Dynomutt meanwhile has apparently been upgraded to a sleeker, cooler and far more competent version of himself; his tech is 100 times cooler, he’s more sarcastic and quick to chide his new partner and his goofy giggles have been replaced by a more annoyed wiseguy voice, provided by Ken Jeong.
And I enjoyed the heck out of these guys, particularly Dynomutt 2.0. Confession time: I’ve always thought Dynomutt was kind of cool. Despite his usual portrayal as a bumbling dufus who hindered Blue Falcon’s efforts as much as he helped them, I always though his tech was pretty cool. Back in the ’70’s, Dynomutt, along with the Robonic Stooges…

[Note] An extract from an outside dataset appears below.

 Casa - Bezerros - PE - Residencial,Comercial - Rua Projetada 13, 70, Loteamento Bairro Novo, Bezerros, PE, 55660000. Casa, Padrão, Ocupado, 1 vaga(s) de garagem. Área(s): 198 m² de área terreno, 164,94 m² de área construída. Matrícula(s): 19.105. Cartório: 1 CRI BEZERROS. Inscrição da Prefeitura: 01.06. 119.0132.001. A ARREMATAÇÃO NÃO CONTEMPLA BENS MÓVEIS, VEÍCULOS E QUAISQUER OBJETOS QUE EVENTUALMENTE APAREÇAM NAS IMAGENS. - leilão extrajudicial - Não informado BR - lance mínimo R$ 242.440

Were what first attracted me to the idea of utilizing high-tech as a super power. These guys were the Robocops and Cyborgs of their day. So I was actually glad to see Dynomutt on screen and not being a joke. You’re free to disagree with me but I thought Blue Falcon and Dynomutt’s banter was funny and I love their new designs. The details on Brian’s costume looked awesome and this new Dynomutt is just cool-looking and badass.
Plus, I can’t be the only one who’d like to see an animated series starring these two. C’mon, a Booster Gold-esque Blue Falcon trying to make a name for himself while struggling to live up to his father’s legacy and his snarky but efficient robot dog companion? I’d watch the heck out of that show!
Even if you don’t agree with me on that, there’s something else I think we can all agree on:
Kid Daphne in this movie was cute as a button!